__Provided information__
------------------------------------------------------------------------

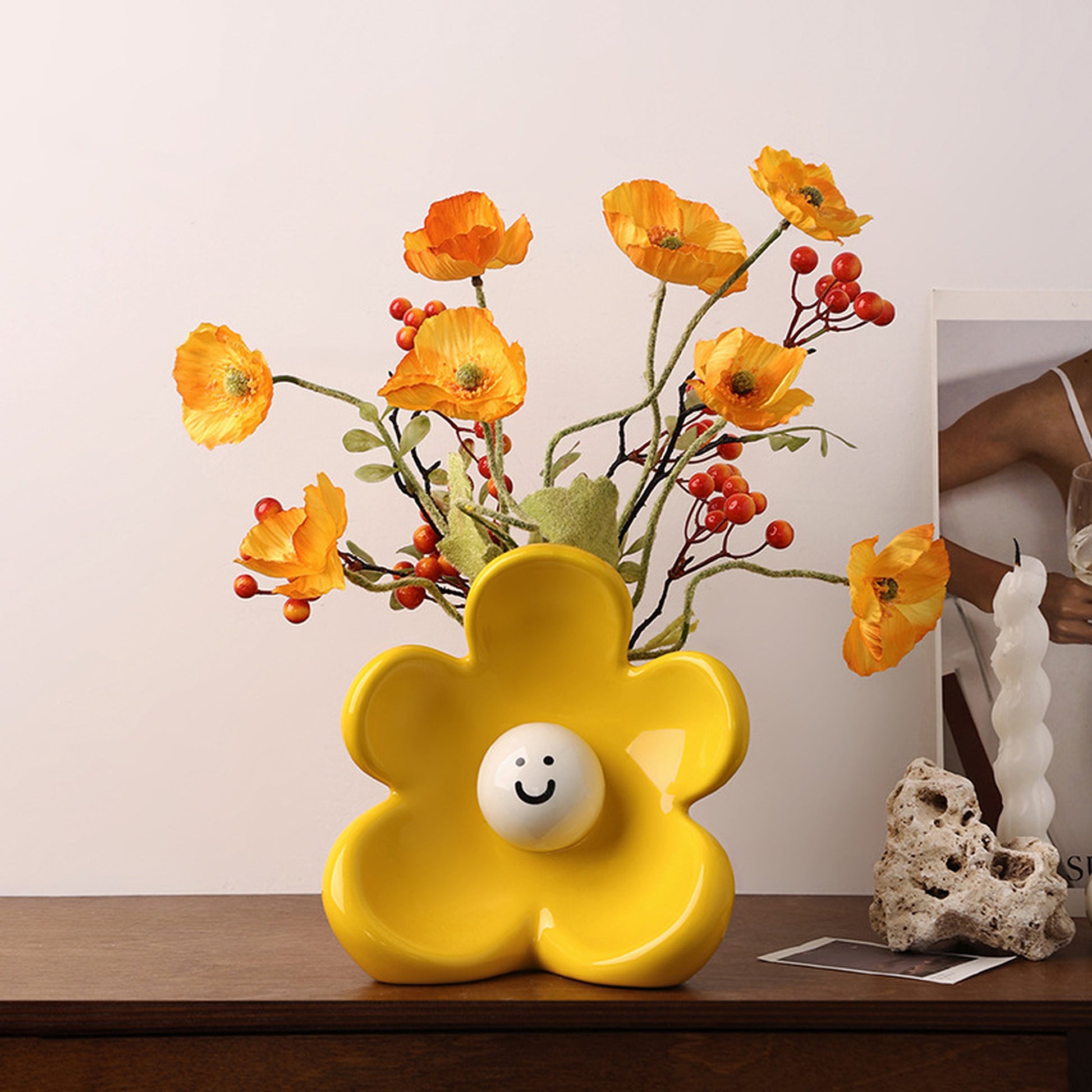 Solara yellow ceramic flower vase styled on a console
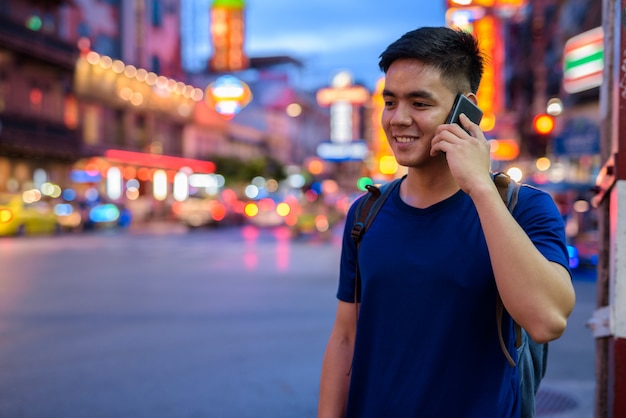 Porträt des jungen hübschen asiatischen Touristenmanns, der Chinatown in Bangkok, Thailand erforscht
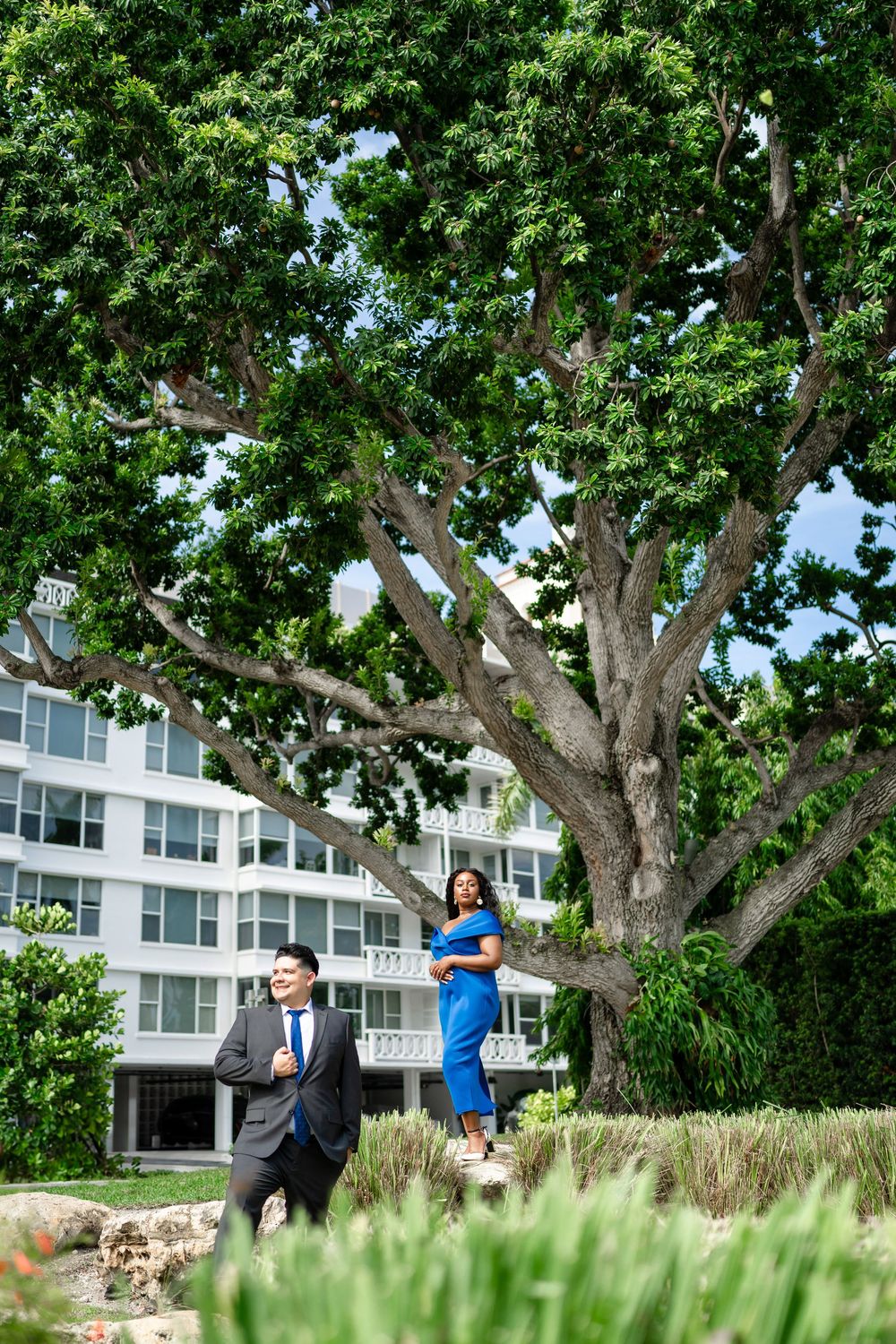 A couple stands near a large leafy tree outside a modern building with one wearing a blue dress and another in business attire.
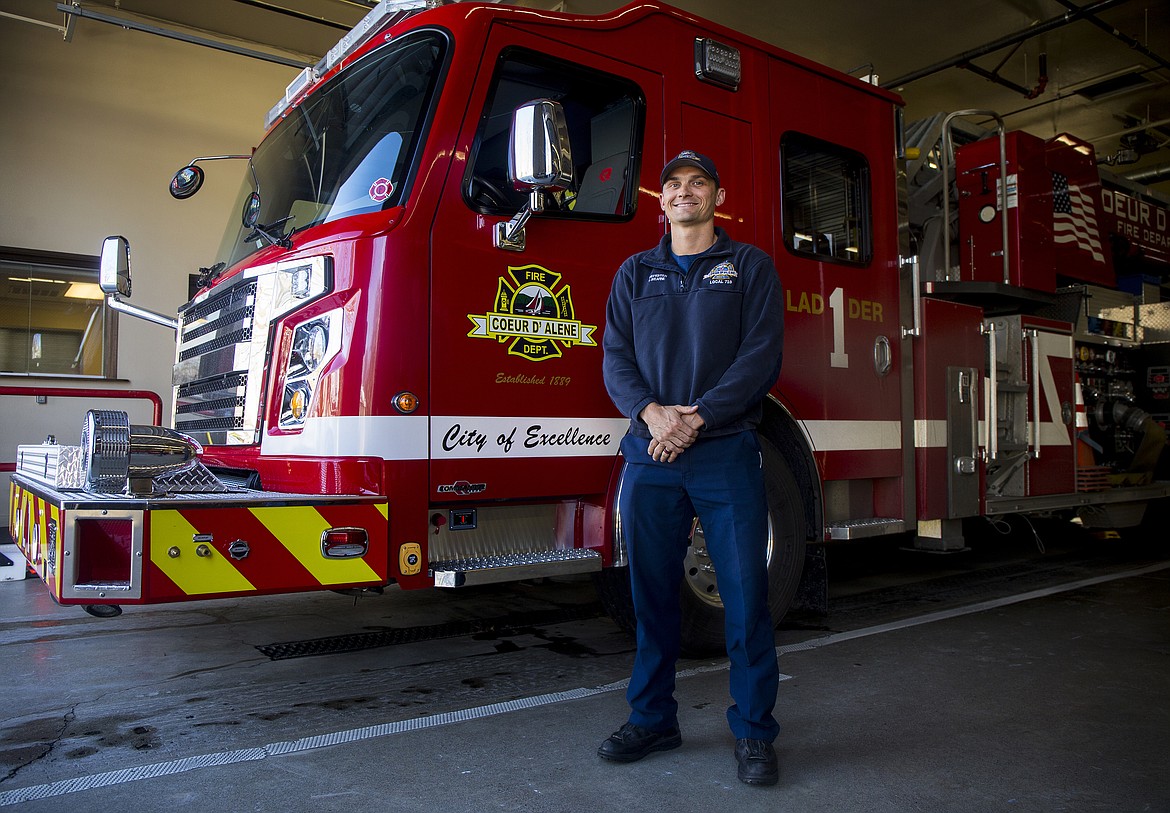 Coeur d'Alene firefighter Justin Wearne poses for a portrait next to a CDA's Ladder 1 firetruck on Thursday. Wearne helped save George Iredale's life on a flight from Oakland to Mexico a few weeks ago. (LOREN BENOIT/Press)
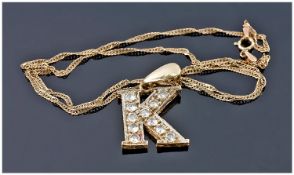 9ct Gold Letter ``K`` Pendant, Set With CZ Stones, Suspended On A 9ct Gold Fine Chain. Fully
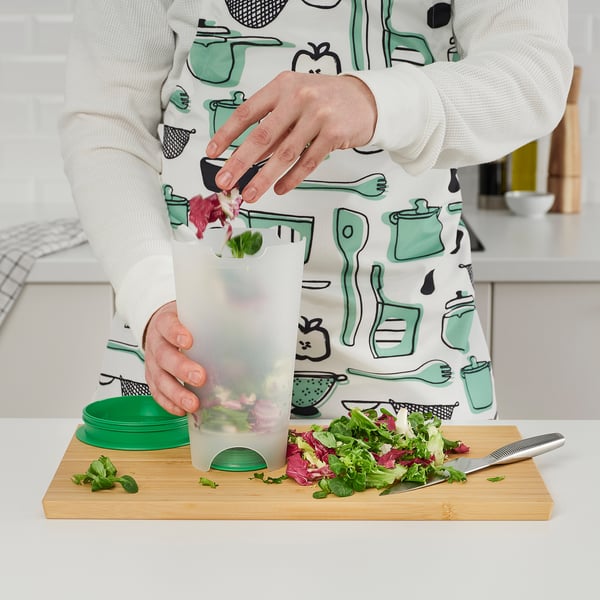 Person uses UPPFYLLD salad shaker to rinse lettuce. Easy water drainage and storage.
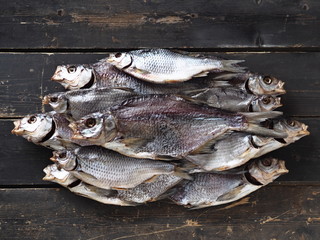 Air-dried,privately owned, freshwater river fish bream, on a dark wooden table.Close up.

------------------------------------------------------------------------

__Task directions__
The result should be an exact copy of every entry above, with no pictures included.

__Result below__
 Solara yellow ceramic flower vase styled on a console
 Porträt des jungen hübschen asiatischen Touristenmanns, der Chinatown in Bangkok, Thailand erforscht
 A couple stands near a large leafy tree outside a modern building with one wearing a blue dress and another in business attire.
 Coeur d'Alene firefighter Justin Wearne poses for a portrait next to a CDA's Ladder 1 firetruck on Thursday. Wearne helped save George Iredale's life on a flight from Oakland to Mexico a few weeks ago. (LOREN BENOIT/Press)
 9ct Gold Letter ``K`` Pendant, Set With CZ Stones, Suspended On A 9ct Gold Fine Chain. Fully
 Person uses UPPFYLLD salad shaker to rinse lettuce. Easy water drainage and storage.
 Air-dried,privately owned, freshwater river fish bream, on a dark wooden table.Close up.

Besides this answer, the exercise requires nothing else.